** EXERCISE DATA **
______________________________
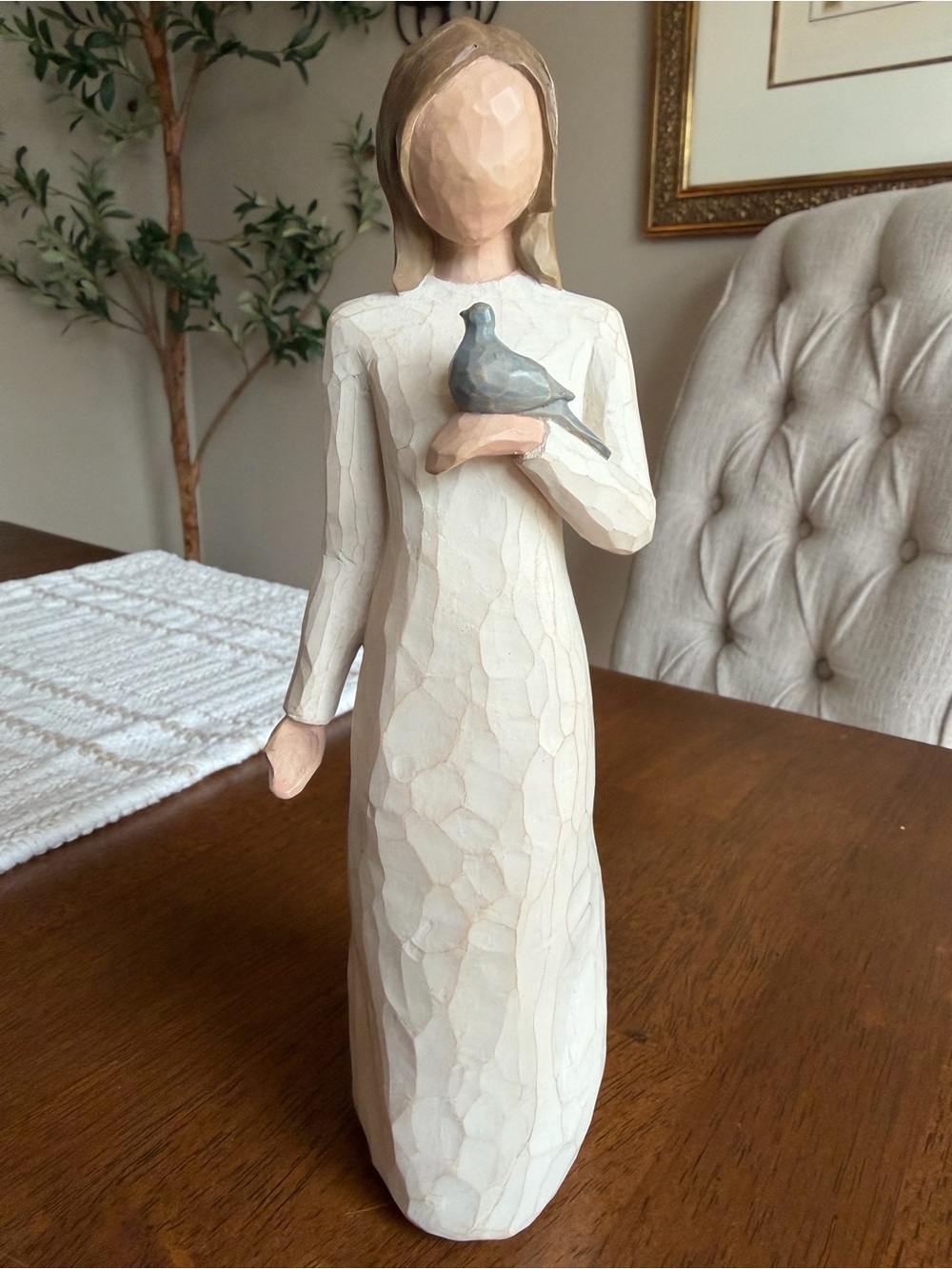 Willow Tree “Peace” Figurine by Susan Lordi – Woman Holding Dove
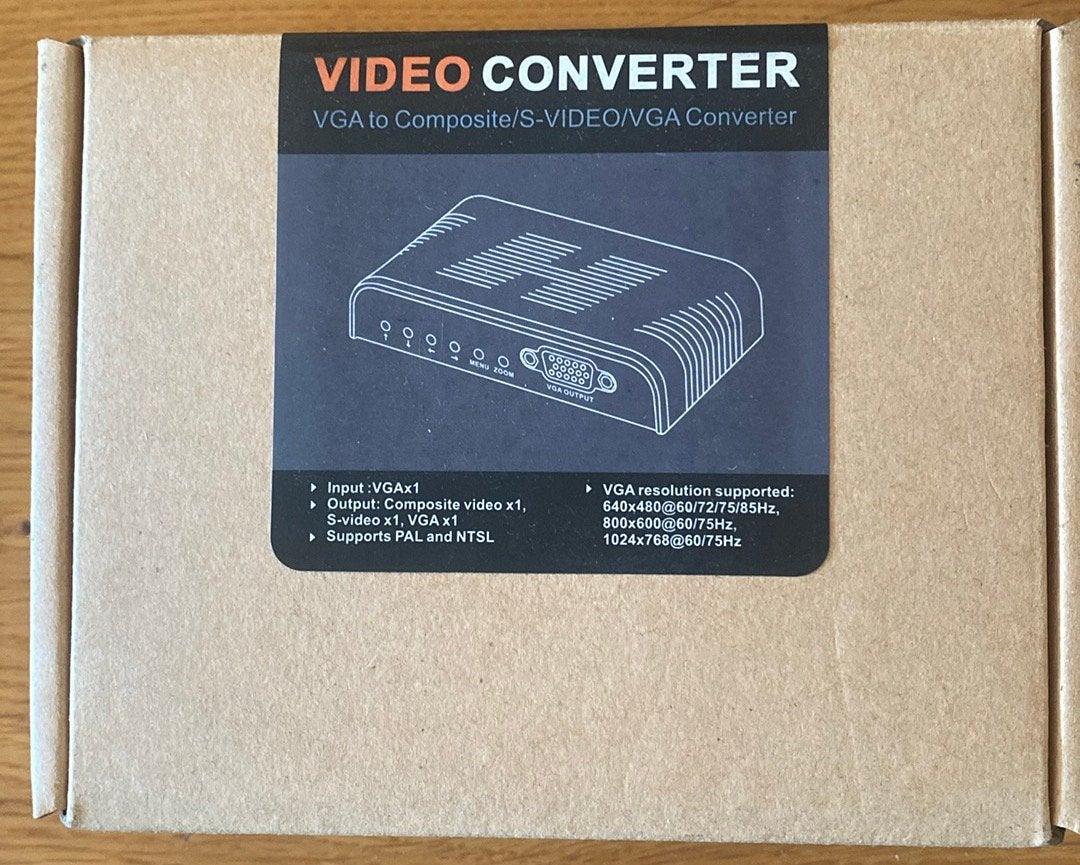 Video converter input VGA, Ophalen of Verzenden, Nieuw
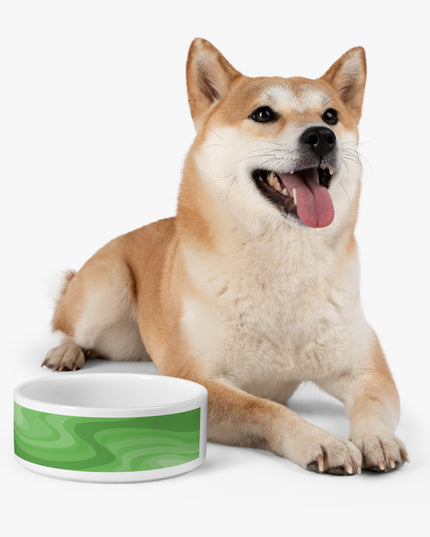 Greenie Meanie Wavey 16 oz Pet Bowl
______________________________
** REQUIREMENT **
Without the pictures, repeat exactly the lines running from the line containing "Video converter input" through the end of the data, both ends included.

** YOUR RESPONSE **
 Video converter input VGA, Ophalen of Verzenden, Nieuw
 Greenie Meanie Wavey 16 oz Pet Bowl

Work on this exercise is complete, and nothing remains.